If you have just been promoted to a new leadership position (or expect to be soon), then this book is for you.
The book outlines ten strategies that will shorten the time it takes you to reach what Watkins calls the breakeven point: the point at which your organization needs you as much as you need the job. Here they are ... the ten strategies:
1. PROMOTE YOUSELF. Make a mental break from your old job. Prepare to take charge in the new one. Don't assume that what has made you successful so far will continue to do so. The dangers of sticking with what you know, working hard at doing it, and failing miserably are very real.
2. ACCELERATE YOUR LEARNING. Climb the learning curve as fast as you can in your new organization. Understand markets, products, technologies, systems, and structures, as well as its culture and politics. It feels like drinking from a fire hose. So you have to be systematic and focused about deciding what you need to learn.
3. MATCH STRATEGY TO SITUATION. There are no universal rules for success in transitions. You need to diagnose the business situation accurately and clarify its challenges and opportunities.

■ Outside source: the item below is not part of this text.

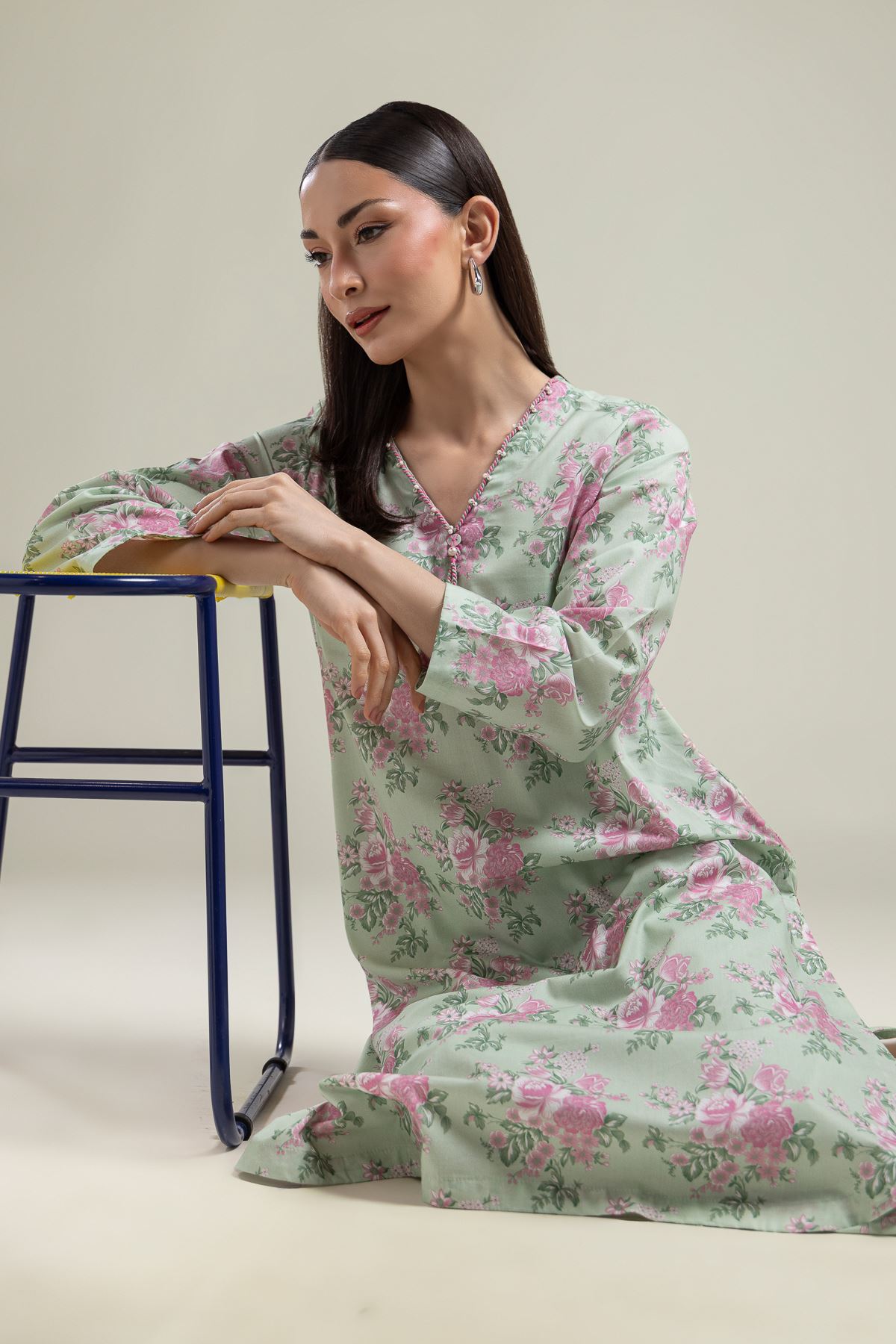 Printed Cotton Viscose Long Floral Kurta - 2-26-109-A-H-VG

The author identifies four very different situations: launching a start-up, leading a turnaround, devising a realignment, and sustaining a high-performing unit. You need to know what your unique situation looks like before you develop your action plan.

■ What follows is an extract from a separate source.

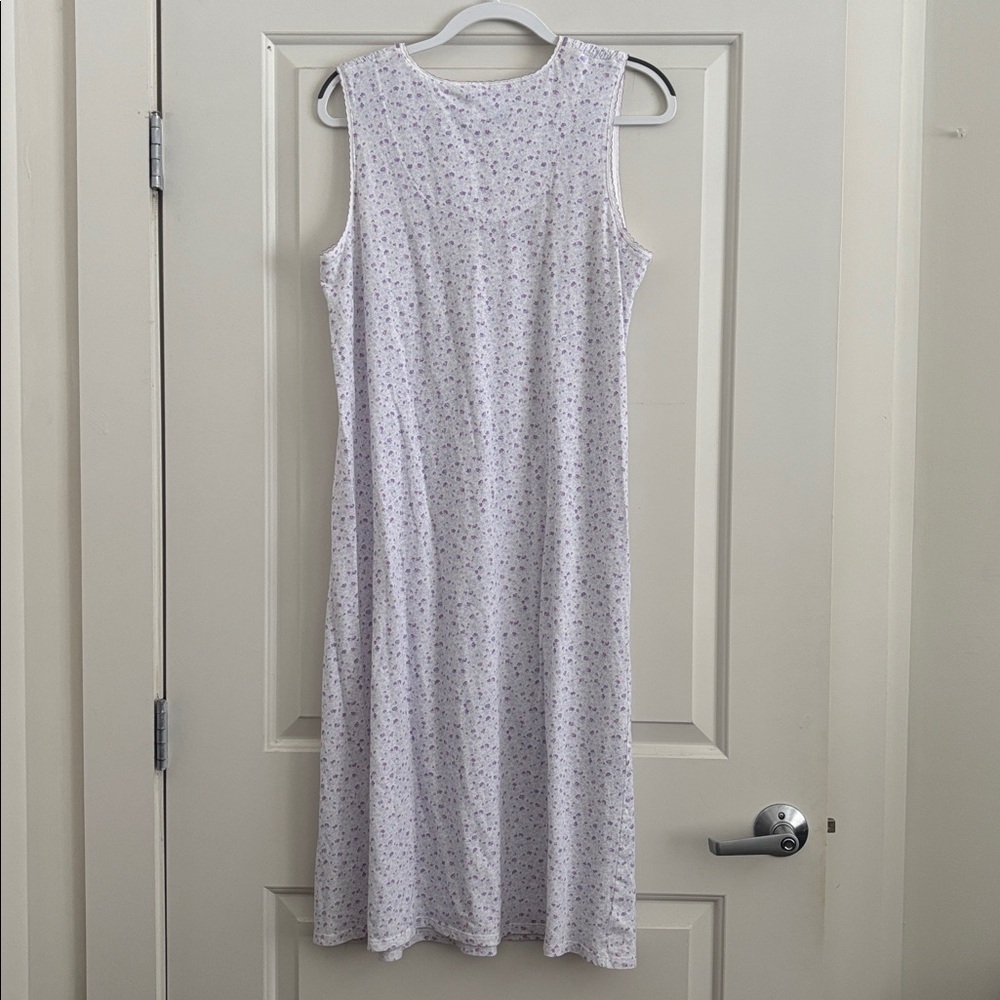 NWOT Aria white & purple floral cotton blend sleeveless nightgown, medium - Picture 4 of 6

4. SECURE EARLY WINS. Early victories build your credibility and create momentum. They create virtuous cycles that leverage organizational energy. In the first few weeks, you need to identify opportunities to build personal credibility. In the first 90 days, you need to identify ways to create value and improve business results.
5. NEGOTIATE SUCCESS. You need to figure out how to build a productive working relationship with your new boss and manage his or her expectations. No other relationship is more important. This means having a series of critical talks about the situation, expectations, style, resources, and your personal development. Crucially, it means developing and gaining consensus on your 90-day plan.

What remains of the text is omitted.